The need for more ethnically diverse bone marrow donors was a matter of life and death for Sydney toddler Cooper Koffi.

“I just feel that if we had a match, Cooper might still be here,” Christine Koffi, Cooper’s mum, told Insight.

“He was a beautiful boy, he was so bubbly, so happy. He had the most beautiful nature.”

Cooper Koffi was just nineteen-months-old in May 2017 when he developed a persistent high fever. Two weeks later, doctors diagnosed him with Haemophagocytic Lymphohistiocystosis (HLH), a rare disease which most commonly affects babies and young children.

HLH affects the immune system, with abnormal white blood cells attacking the body’s healthy cells. In Cooper’s case, his primary HLH was genetic, inherited from his mother. Mrs Koffi was unaware that she is a carrier for the disease until Cooper’s diagnosis.

While it is not cancer, HLH is treated similarly to leukaemia, using chemotherapy and steroids. The only cure is a bone marrow transplant, with the donor’s tissue type needing to be a perfect match.

A patient’s sibling is often the best chance of being a perfect match donor. But Cooper Koffi was an only child.
Only one third of patients find a suitable donor within their family. The others must find a match through the Australian Bone Marrow Donor Registry (ABMDR) or other international registries.


Christine and Rene with baby Cooper.

Cooper’s parents are both biracial – Christine’s mother is Filipino, her father German; Rene’s mother is German and his father West African. So, Cooper was tri-racial.

“We found two perfect match donors in the (international) transplant database,” Cooper’s father, Rene Koffi said.

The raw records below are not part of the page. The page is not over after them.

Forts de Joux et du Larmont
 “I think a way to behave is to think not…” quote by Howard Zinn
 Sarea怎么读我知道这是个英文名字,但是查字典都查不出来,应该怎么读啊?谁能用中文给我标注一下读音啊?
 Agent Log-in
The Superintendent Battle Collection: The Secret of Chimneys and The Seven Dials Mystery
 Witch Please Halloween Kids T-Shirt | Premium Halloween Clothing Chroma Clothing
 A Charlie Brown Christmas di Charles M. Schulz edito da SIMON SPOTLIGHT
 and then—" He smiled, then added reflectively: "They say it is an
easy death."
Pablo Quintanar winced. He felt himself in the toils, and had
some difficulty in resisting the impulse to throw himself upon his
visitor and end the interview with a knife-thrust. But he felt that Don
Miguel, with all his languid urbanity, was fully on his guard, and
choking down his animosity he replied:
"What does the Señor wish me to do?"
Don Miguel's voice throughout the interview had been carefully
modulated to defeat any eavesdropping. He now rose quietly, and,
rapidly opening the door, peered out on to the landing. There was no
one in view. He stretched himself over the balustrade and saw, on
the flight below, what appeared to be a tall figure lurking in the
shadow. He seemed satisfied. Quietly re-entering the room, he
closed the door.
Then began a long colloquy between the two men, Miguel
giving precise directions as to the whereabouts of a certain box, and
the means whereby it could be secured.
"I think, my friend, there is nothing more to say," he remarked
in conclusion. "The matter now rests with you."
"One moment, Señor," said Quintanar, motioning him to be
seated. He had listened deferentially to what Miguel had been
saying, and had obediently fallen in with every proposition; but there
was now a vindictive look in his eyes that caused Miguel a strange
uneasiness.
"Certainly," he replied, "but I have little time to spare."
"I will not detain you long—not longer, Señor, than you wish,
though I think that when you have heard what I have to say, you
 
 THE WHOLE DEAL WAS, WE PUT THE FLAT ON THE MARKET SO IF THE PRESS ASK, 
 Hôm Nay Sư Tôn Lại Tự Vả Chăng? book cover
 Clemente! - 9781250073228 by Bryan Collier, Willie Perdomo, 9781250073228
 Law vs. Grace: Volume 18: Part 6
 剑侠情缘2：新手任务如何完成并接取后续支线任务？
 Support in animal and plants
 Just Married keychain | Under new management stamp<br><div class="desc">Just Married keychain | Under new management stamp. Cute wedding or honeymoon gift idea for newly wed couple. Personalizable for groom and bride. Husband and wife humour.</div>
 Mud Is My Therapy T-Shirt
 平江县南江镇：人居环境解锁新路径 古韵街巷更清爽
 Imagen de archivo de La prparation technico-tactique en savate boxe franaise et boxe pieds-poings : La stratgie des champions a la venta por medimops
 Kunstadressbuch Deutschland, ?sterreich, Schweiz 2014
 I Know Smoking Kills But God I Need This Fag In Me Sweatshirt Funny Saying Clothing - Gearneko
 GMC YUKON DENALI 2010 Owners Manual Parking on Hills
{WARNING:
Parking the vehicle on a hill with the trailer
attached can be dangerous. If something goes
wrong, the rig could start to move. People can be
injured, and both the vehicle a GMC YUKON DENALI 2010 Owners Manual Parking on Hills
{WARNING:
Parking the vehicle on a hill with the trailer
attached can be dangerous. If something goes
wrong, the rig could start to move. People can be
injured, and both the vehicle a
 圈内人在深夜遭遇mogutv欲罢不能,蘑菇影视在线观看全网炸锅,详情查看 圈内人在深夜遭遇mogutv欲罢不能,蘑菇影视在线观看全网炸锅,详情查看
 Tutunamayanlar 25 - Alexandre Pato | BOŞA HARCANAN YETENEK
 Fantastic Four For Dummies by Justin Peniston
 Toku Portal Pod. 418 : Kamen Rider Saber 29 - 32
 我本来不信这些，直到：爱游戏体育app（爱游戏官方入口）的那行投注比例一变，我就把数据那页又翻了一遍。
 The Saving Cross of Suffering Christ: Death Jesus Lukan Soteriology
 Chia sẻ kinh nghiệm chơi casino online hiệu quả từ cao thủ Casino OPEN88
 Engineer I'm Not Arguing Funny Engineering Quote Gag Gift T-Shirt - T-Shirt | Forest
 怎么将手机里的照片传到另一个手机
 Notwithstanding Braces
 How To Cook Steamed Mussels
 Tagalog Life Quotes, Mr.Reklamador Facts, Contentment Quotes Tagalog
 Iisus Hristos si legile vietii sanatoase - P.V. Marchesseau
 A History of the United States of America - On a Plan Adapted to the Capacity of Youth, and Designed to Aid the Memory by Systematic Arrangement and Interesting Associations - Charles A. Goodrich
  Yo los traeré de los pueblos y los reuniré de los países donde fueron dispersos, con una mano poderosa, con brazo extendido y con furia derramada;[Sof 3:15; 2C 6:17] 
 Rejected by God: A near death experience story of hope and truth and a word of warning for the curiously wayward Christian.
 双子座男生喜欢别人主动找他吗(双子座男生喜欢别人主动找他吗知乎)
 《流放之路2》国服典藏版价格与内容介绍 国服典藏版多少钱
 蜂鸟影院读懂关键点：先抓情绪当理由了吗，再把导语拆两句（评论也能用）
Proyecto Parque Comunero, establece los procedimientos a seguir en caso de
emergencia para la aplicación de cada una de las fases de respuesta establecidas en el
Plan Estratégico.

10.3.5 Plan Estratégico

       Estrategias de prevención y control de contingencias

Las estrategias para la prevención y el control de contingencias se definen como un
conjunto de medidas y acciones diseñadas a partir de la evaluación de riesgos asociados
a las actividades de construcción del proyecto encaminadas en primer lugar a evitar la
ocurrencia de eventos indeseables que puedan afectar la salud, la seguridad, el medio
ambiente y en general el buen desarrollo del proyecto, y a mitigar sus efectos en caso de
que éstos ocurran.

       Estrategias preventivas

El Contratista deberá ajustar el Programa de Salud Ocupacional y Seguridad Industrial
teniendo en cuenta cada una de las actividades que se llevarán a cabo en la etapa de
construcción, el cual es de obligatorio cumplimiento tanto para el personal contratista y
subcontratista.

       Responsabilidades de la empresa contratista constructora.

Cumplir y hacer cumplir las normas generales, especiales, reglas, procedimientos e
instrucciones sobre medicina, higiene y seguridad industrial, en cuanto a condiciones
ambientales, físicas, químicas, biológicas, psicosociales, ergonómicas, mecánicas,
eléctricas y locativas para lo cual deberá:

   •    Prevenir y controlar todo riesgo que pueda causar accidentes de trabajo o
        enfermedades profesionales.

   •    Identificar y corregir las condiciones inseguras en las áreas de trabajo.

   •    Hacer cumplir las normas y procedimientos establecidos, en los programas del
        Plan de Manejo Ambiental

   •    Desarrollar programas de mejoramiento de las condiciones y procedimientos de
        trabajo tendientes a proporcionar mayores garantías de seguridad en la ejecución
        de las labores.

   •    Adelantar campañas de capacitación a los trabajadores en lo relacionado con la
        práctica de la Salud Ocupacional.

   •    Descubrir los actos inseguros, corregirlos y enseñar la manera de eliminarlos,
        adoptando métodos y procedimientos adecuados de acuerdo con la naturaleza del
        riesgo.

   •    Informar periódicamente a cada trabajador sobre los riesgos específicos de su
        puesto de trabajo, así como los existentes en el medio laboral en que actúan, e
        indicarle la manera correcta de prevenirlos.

“Finding two donors is actually a very good result. In Cooper’s case it was only possible because Christine and I both have 50 per cent German genes.“

“But we lost both donors. One didn’t meet the requirements to donate … The second donor made the conscious decision to refuse to be the donor.

“I had a very hard time coming to terms with (this) news.”

There were no other suitable donors.

Tragically, Cooper’s mixed-race heritage made the chances of finding another suitable bone marrow donor either in Australia or overseas very low.

“There are a lot less people (with mixed ethnic backgrounds) registered in the (bone marrow donor) registry,” Rene explained.

“Caucasian, northern European backgrounds have the best chance, they have got a huge presence in the registry. When it comes to minorities and worse, mixed races … the chances to find the perfect match becomes very unlikely.”

Alice Matthews leads a discussion on what its like to be mixed race, and how it shapes identity and an understanding of the world.

In January 2018, eight months after his HLH diagnosis, Cooper Koffi died. He was two years and four months old.

The Australian Red Cross and ABMDR are calling for more ethnically diverse donors. Anyone aged between 18 and 45, and eligible and willing to give blood, is suitable to register. Only one in 1,500 registered donors will be asked to donate in any given year.

“If you don’t want to donate when it comes to it, you still don’t have to,” Rene said, “but at least it gives people the hope to know that there are people out there.”

“It’s a matter of life and death. There are so many children waiting for matches, and unable to find them,” Christine added.

After their son’s death, Christine and Rene Koffi told Insight they needed a reason to go on. In February this year they welcomed their second son, Kingston.

“We are finally feeling like a family again and that there is actually a way forward,” Rene said.

Along with appealing for more people to register as bone marrow donors, all the Koffi family wants now is for their baby son to be healthy.

“It sounds crazy, but all we crave is normality, because that is what we wanted for so long when we were in the hospital with Cooper,” Christine said. “We want Kingston to grow up happy and healthy, embracing all of his cultures and to know that he has and will always have a big brother.”